I had network problems lately (running Debian, but not specific to any distro, see below using direct /sys manipulation), and I discovered that the source of my woes was that two servers with bonded network interfaces had the same hardware address on their bonds. This MAC address is NOT one of the hardware interfaces' addresses, though it should be (according to most documentations such as this one) :
The bonding interface has a hardware address of 00:00:00:00:00:00 until the first slave is added. If the VLAN interface is created prior to the first enslavement, it would pick up the all-zeroes hardware address. Once the first slave is attached to the bond, the bond device itself will pick up the slave's hardware address, which is then available for the VLAN device.
Furthermore, contrary as what is stated in this documentation, an "empty" bond (without any slaves) hasn't a 00:00:00:00:00 hw address:
# modprobe bonding
# echo +bond0 > /sys/class/net/bonding_masters
# ip link show bond0
3: bond0: <BROADCAST,MULTICAST,MASTER> mtu 1500 qdisc noop state DOWN mode DEFAULT group default qlen 1000
link/ether d6:f5:8e:9f:c2:42 brd ff:ff:ff:ff:ff:ff
However that hardware addresses change to the slave's hardware address if and only the slave is added immediately to the bond and the bond address isn't checked. I test with a very simple script (see below) to manipulate the bond.

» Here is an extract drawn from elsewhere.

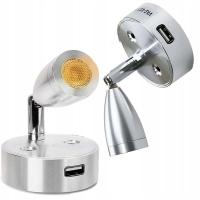 LAMPKA KINKIET LED DOTYKOWY DC12V WEWNĘTRZNA KAMPER PRZYCZEPA USB RV LIGHTS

- First it creates an empty bond without slaves, and displays its hw address (which is apparently pseudo random, but tends to stay the same -- maybe udev plays a role here?).
- Second it creates the bond, sets its mode and adds a slave : the bond takes the slave's hw address as expected.

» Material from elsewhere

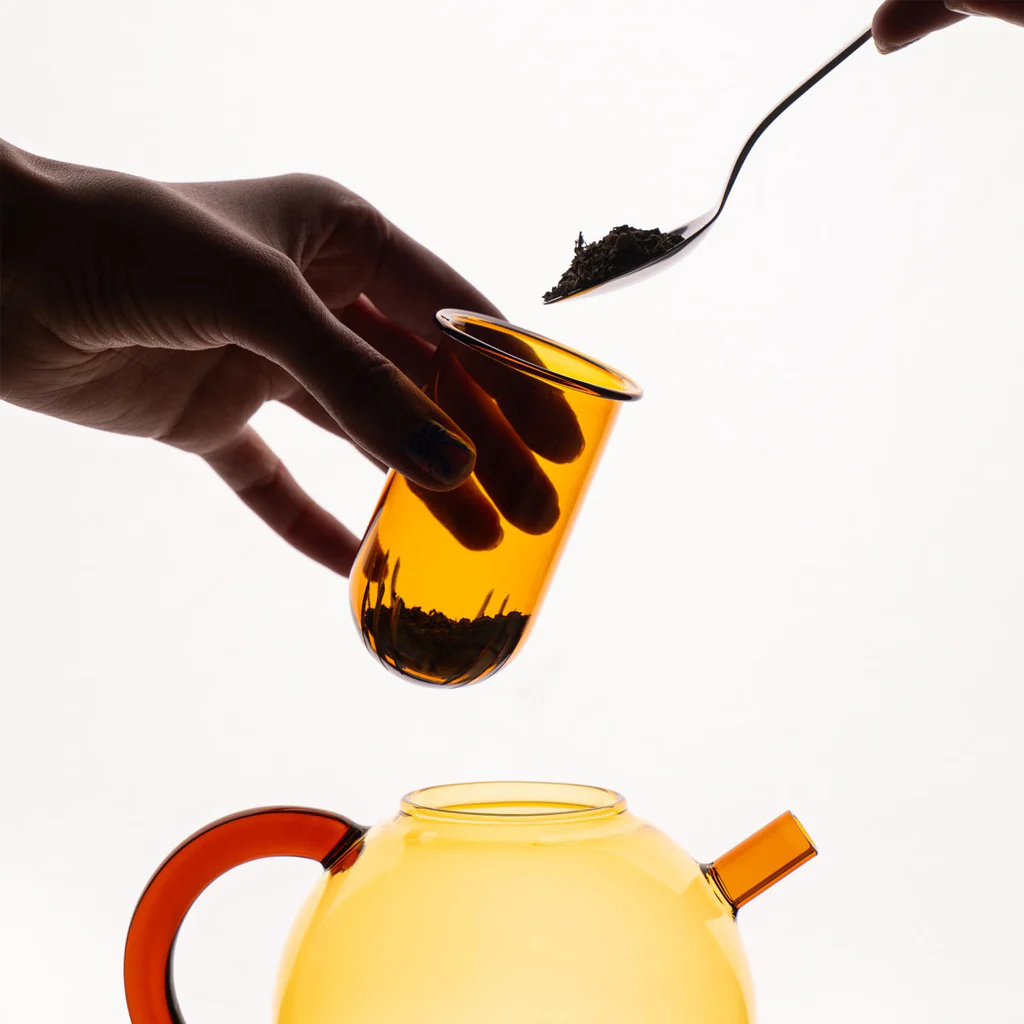 Studio Milligram Tea Brewer Amber Yellow - Image 2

- Third its creates the bond, reads its hw address, then sets the mode and adds a slave : the bond's hw address doesn't match its slave's hw address (but running the script again and again, from time to time it does! go figure).
- Fourth it creates the bond, wait for one second, then configure it like step 2. The behaviour is mostly the same as step 3 : the bond has the same, pseudo random hw address as step 1, which always differs from the slave's hw address and is always the same.

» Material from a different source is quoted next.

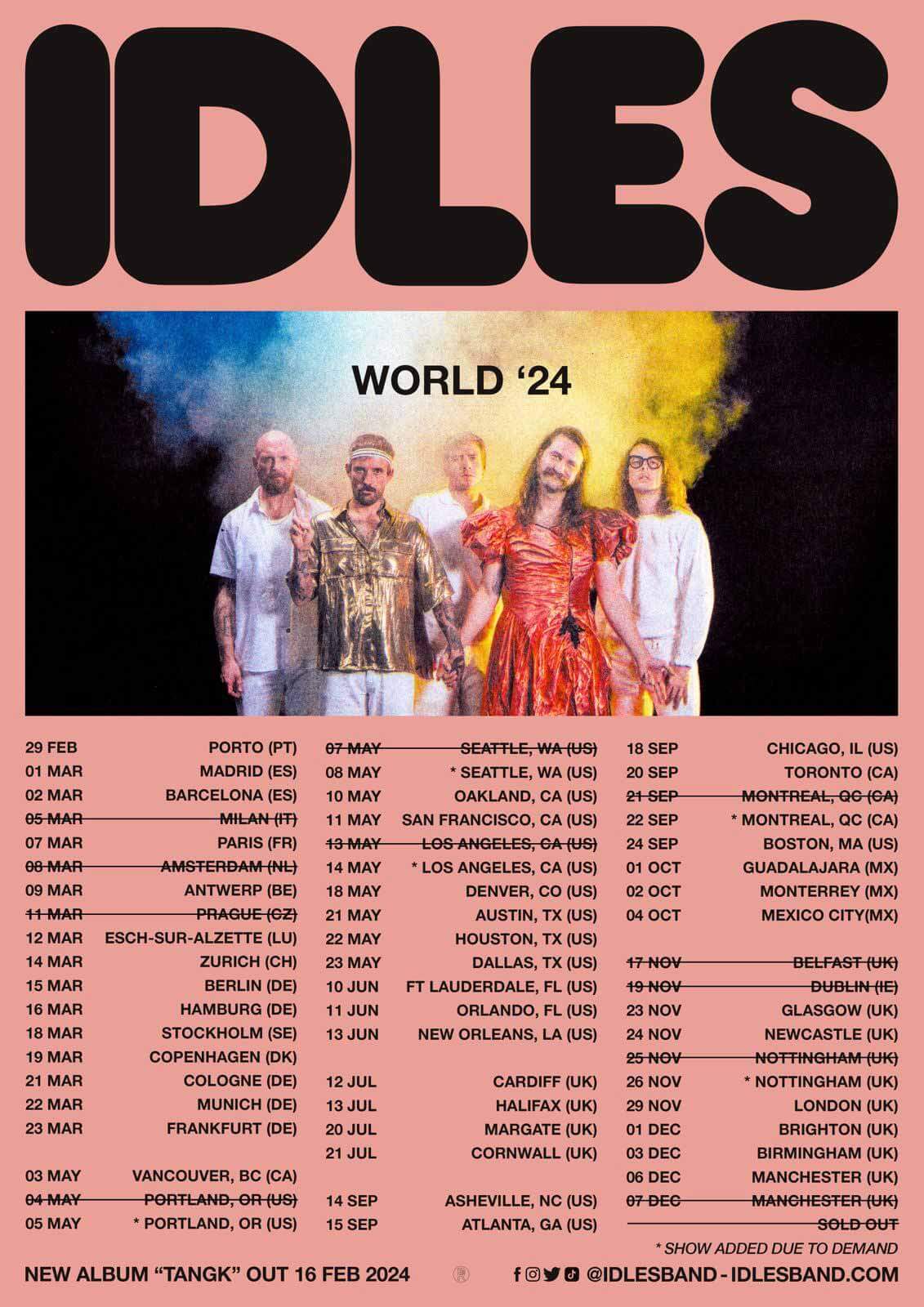 idles tour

I don't know exactly how the bond pseudo-random hw address is set up, but it happens to be relatively repetitive across several hardware and software configurations (different hardware, different kernel versions, different Debian releases).
Sometimes, at step 3 the bond's MAC address changes to different pseudo random values, sometimes it matches the slave's address. Most of the time however, it stays the same as in step 1. At step 4 the bond's MAC address is always the same as step one.
Apparently the bond's MAC address setting is very time sensitive?
Here is the script:
echo "unload / load bonding"
rmmod bonding
sleep 1
modprobe bonding
sleep 1
echo "create bond0"
echo +bond0 > /sys/class/net/bonding_masters
echo "bond0 hw address, no slaves:"
cat /sys/class/net/bond0/address
sleep 3
echo "################"
echo "unload / load bonding"
rmmod bonding
sleep 1
modprobe bonding
sleep 1
echo "create bond0 and configure it without delay"
echo +bond0 > /sys/class/net/bonding_masters
# cat /sys/class/net/bond0/address
echo 6 > /sys/class/net/bond0/bonding/mode
echo +enp1s0 > /sys/class/net/bond0/bonding/slaves
echo "Bond0 hw address:"
cat /sys/class/net/bond0/address
echo "enp1s0 hw address:"
ethtool -P enp1s0
echo "################"
sleep 3
echo "unload / load bonding"
rmmod bonding
sleep 1
modprobe bonding
sleep 1
echo "create bond0 and configure it, read its hw address first"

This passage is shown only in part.